Buenassa Resources a présenté au ministre du Commerce extérieur les études de cadrage de sa future raffinerie dans le Lualaba. La première phase, évaluée à 700 millions USD, vise une production annuelle de 30 000 tonnes de cuivre et de 5 000 tonnes de cobalt, mais son financement définitif n’est pas encore annoncé.
Une délégation conduite par le directeur général de Buenassa, Eddy Kioni, a rencontré vendredi 17 juillet 2026 le ministre du Commerce extérieur, Julien Paluku Kahongya, pour examiner l’avancement du projet. L’entreprise affirme avoir présenté les résultats de ses études de cadrage et discuté des conditions nécessaires à l’exécution de la première phase. Cette étape permet de préciser les capacités envisagées et les premières estimations de coûts, mais elle ne correspond ni à une étude de faisabilité définitive, ni à une décision finale d’investissement, ni au lancement de la construction.
La future unité hydrométallurgique doit produire des cathodes de cuivre conformes aux standards du London Metal Exchange ainsi que du cobalt sous forme de métal à haute pureté ou de sulfate. Buenassa destine notamment une partie de ces produits aux chaînes d’approvisionnement de l’aérospatiale, de la défense et des batteries. La capacité annoncée pour la première phase atteint 30 000 tonnes de cuivre et 5 000 tonnes de cobalt par an. Ces volumes restent des objectifs industriels soumis à la finalisation des études techniques, à la mobilisation des capitaux et à la sécurisation de l’approvisionnement en minerais.
Une première phase de 700 millions USD sur un projet de 2 milliards
Le plan actualisé de Buenassa chiffre la première phase à 700 millions USD et la seconde à 1,3 milliard USD, soit un investissement cumulé de 2 milliards USD pour la raffinerie. Selon la feuille de route publiée par l’entreprise en janvier 2026, la deuxième phase porterait la capacité annuelle à 120 000 tonnes de cuivre et 20 000 tonnes de cobalt. Les chiffres restent indicatifs et peuvent encore évoluer après les études de préfaisabilité et de faisabilité définitive, comme le reconnaît Buenassa dans sa propre documentation.

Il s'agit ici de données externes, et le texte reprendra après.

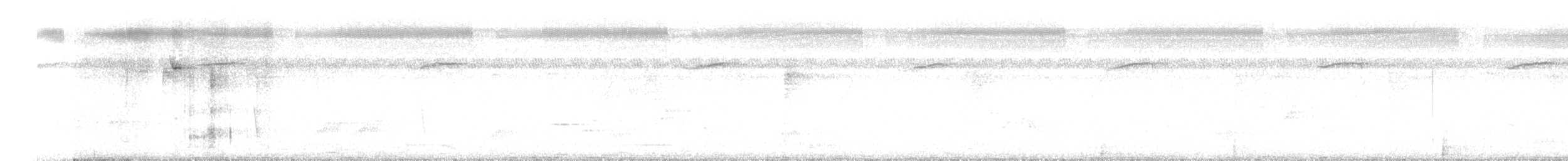 småmønjefugl - ML646509404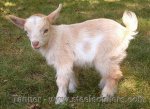 goat2_205.jpg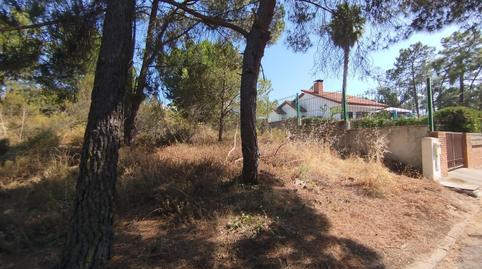 Photo 5 of Residential for sale in Urbanizacion Pinar de la Bota, Isla Cristina Ciudad, Huelva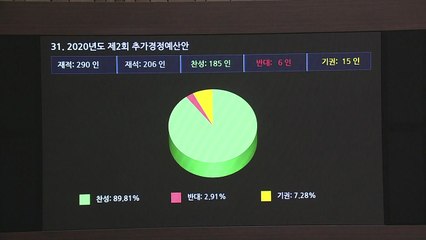 20대 국회, 막판 법안 처리 속도...2차 추경 통과 / YTN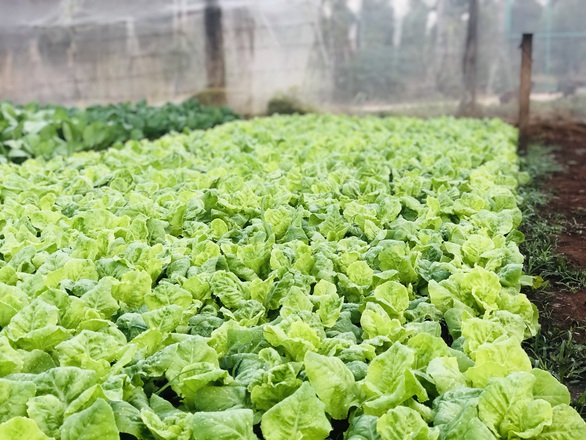 10 năm ở trọ Sài Gòn, lịch tết của tôi không thay đổi: về với vườn rau của mẹ - Ảnh 4. 10 năm ở trọ Sài Gòn, lịch tết của tôi không thay đổi: về với vườn rau của mẹ - Ảnh 4.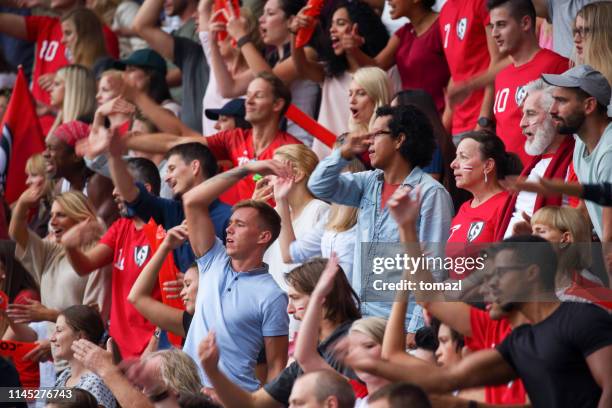 fans on the stadium cheering - hooligan stock pictures, royalty-free photos & images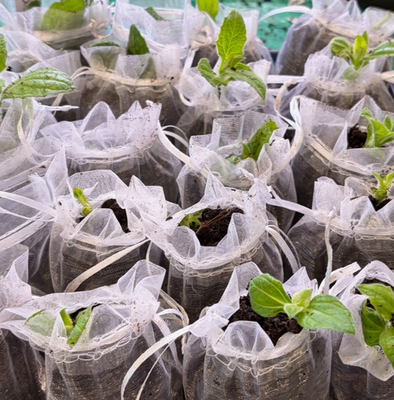 #ad #ad Yacon Start Qty: 1 start ready to plant $20.00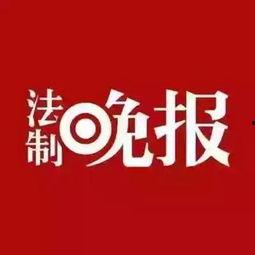 广西法治新闻爆料网查询,聚焦法治热点，守护公平正义  第3张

Le projet a déjà reçu 3,5 millions USD du Fonds de promotion de l’industrie pour financer sa préparation. Cette contribution représente 0,5 % du coût annoncé de la première phase, selon un calcul de Lepoint.cd. Elle a permis de soutenir les études initiales, mais ne constitue pas le financement de la construction de l’usine. L’État congolais a également rejoint Buenassa Resources en 2025 à travers une participation stratégique de 10 %. La société indiquait alors que les études de cadrage étaient achevées et que le projet devait entrer dans la phase des études complètes de faisabilité.

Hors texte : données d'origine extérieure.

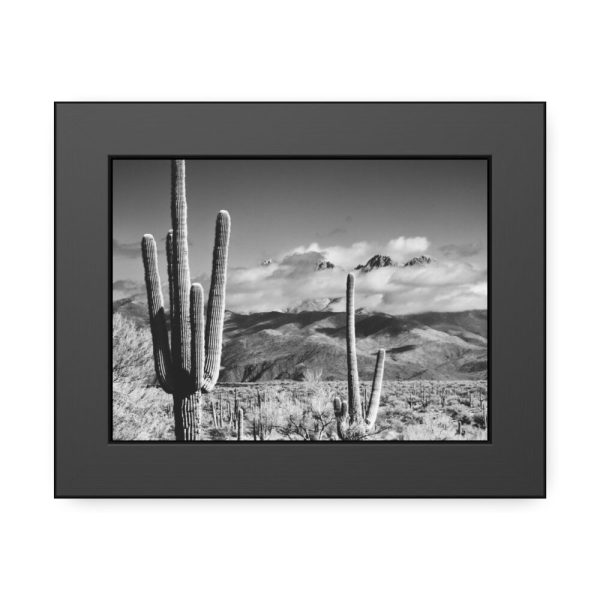 93837-8.jpg Black and White Cactus in Desert Framed Poster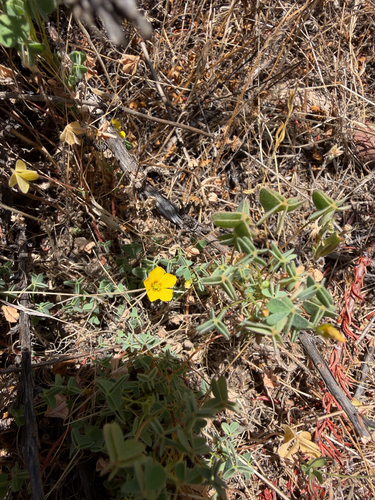 Oxalis californica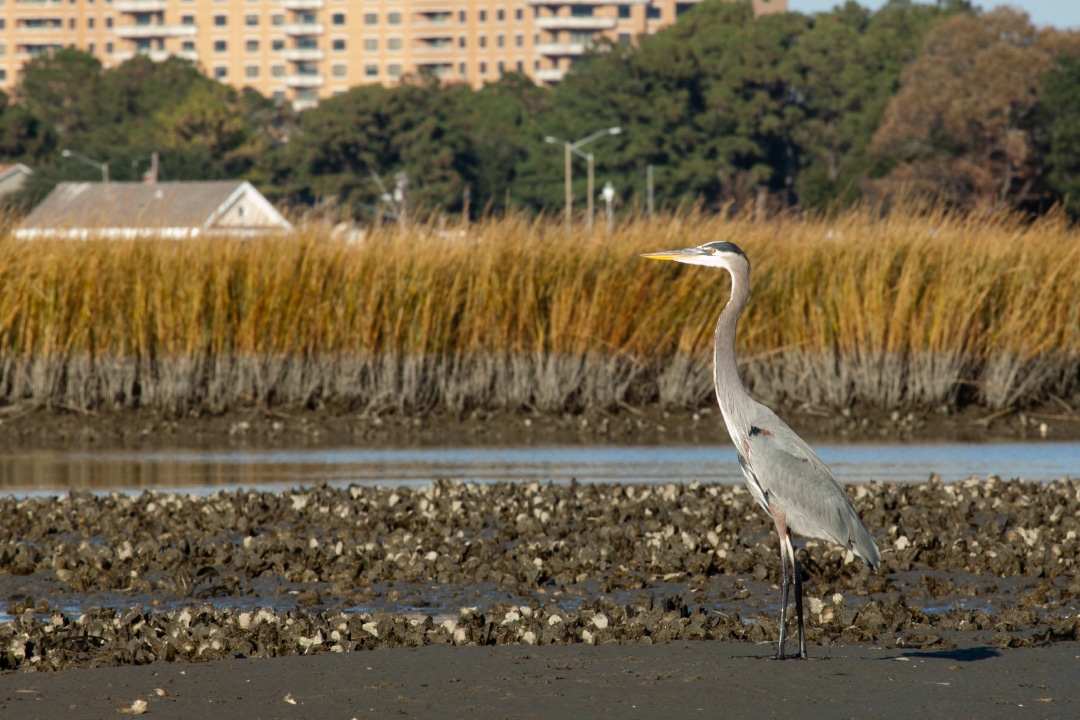 A large bird standing on an oyster reef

Buenassa avait initialement évoqué une mise en service à la fin de 2027, avant de reporter cet objectif à 2029 dans une communication publiée en juillet 2025. La rencontre du 17 juillet 2026 ne fournit pas de nouveau calendrier. Cette évolution montre que la date de démarrage commercial dépend encore de plusieurs étapes, notamment les études détaillées, les autorisations environnementales et techniques, le choix du constructeur, les contrats d’approvisionnement en minerais et la disponibilité d’une alimentation électrique suffisante.

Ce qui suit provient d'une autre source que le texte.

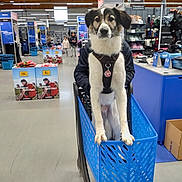 Ronny a rejoint le concours — aidez-le/la à gagner de superbes lots ! aisle, animal, blue, brown, clothing, dog, floor, indoor, leisure, person, pet, product_display, retail, shelf, shopping, shopping_basket, shopping_cart, sign, store, white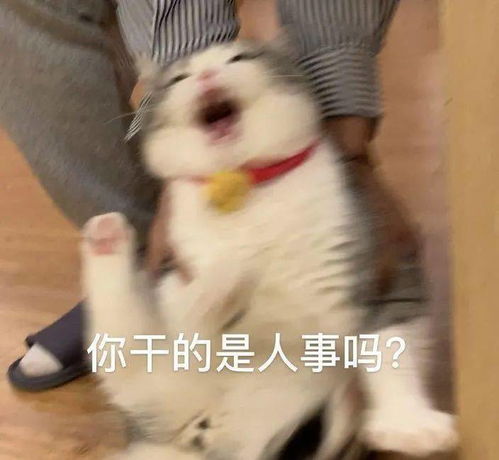 聊天斗图表情包i打爆你的狗头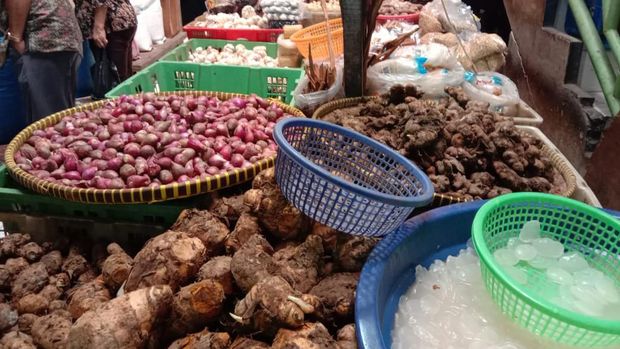 Tanaman jamu termasuk jahe merah harganya meroket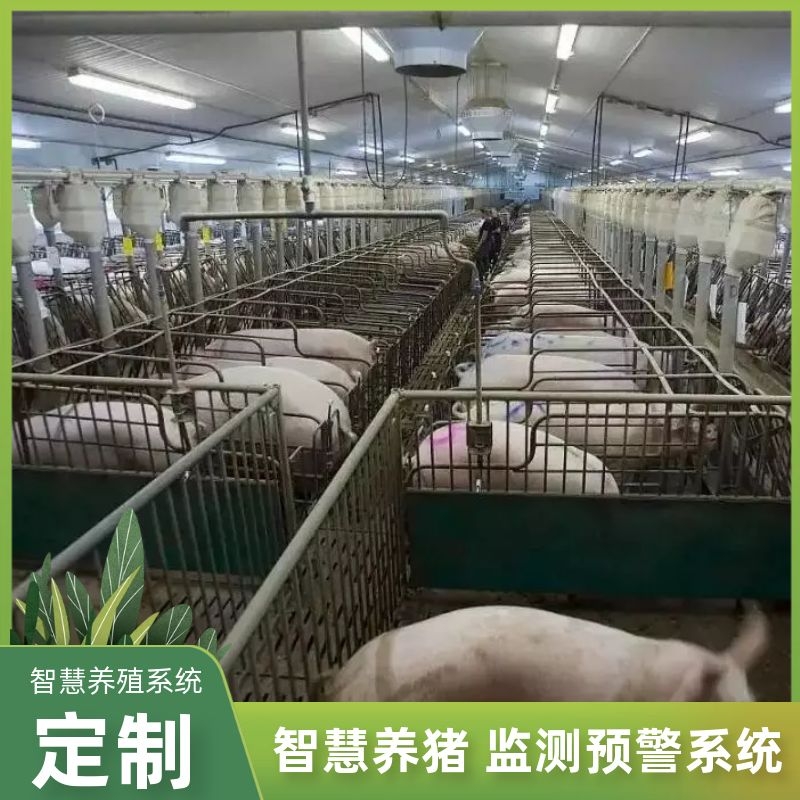 智慧猪场数数安全监测 养殖场环境自动监测系统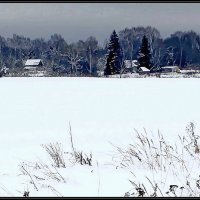 Зима :: Ольга Довженко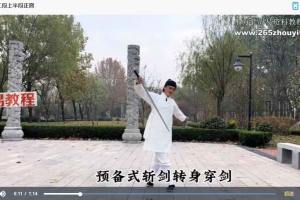 弦月剑法  单手剑剑法  剑术基本功+整段教学-节数【45】集视频 百度云下载！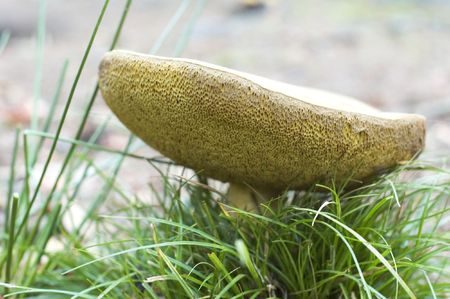 Beautiful mushroom from beneath in autumn.  Shallow dof.の写真素材
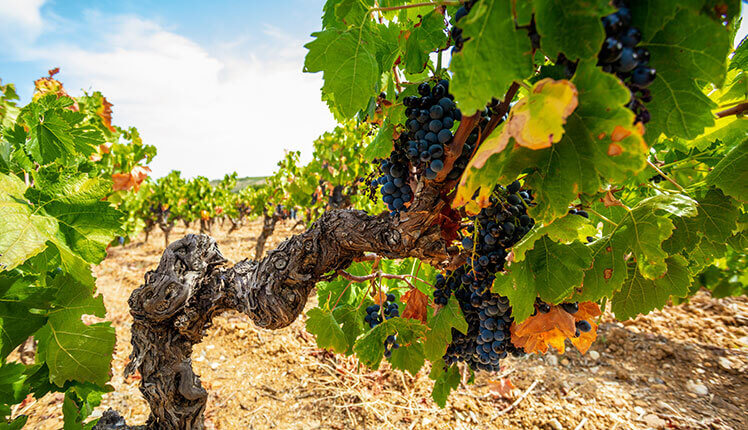 Blick auf einen Weinberg der Genossenschaftskellerei der Winzer von Alignan-Neffies, Weinverkauf an Privatkunden.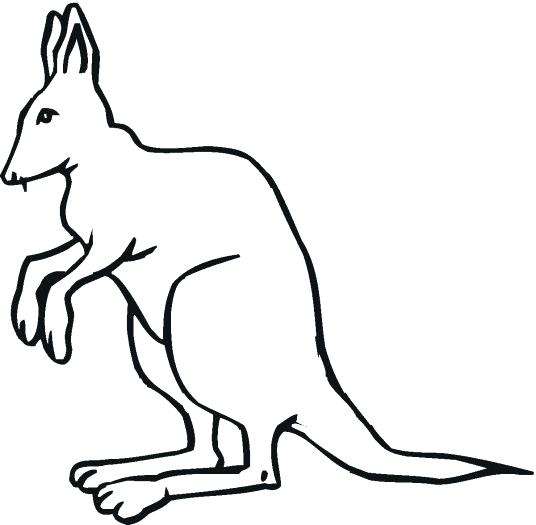 536x525 Sketch Of Kangaroo Drawing The Upper Limbs Kangaroo Drawings Easy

Le financement américain reste en structuration
Buenassa affirme que la structuration du financement avec des institutions américaines de développement progresse. L’entreprise indique renforcer ses relations avec la Société américaine de financement du développement international, la DFC, ainsi qu’avec d’autres partenaires financiers. Elle n’a cependant communiqué ni lettre d’intérêt, ni montant proposé par une institution américaine, ni contrat de prêt ou prise de participation définitivement signé pour la raffinerie.
Les annonces publiques récentes de la DFC concernant la RDC portent notamment sur une éventuelle participation dans une coentreprise entre la Gécamines et Mercuria ainsi que sur un financement pouvant atteindre 1 milliard USD pour la ligne ferroviaire Dilolo-Sakania. Aucun engagement spécifique en faveur de la raffinerie de Buenassa n’apparaît dans les communiqués officiels consultés. Cette absence ne signifie pas que les discussions n’existent pas, mais elle impose de présenter les fonds américains comme un financement recherché ou en cours de structuration plutôt que comme des ressources déjà sécurisées.
Le projet pourrait accroître la part de cuivre et de cobalt transformée en RDC au lieu d’être exportée sous forme de concentrés ou de produits intermédiaires. Sa portée économique dépendra toutefois du montant réellement mobilisé, du coût de l’énergie, de la provenance des minerais et des conditions commerciales conclues avec les acheteurs. La prochaine donnée déterminante sera la finalisation des études de faisabilité, accompagnée d’un plan de financement précisant les apports en dette, en fonds propres et les engagements fermes de chaque institution.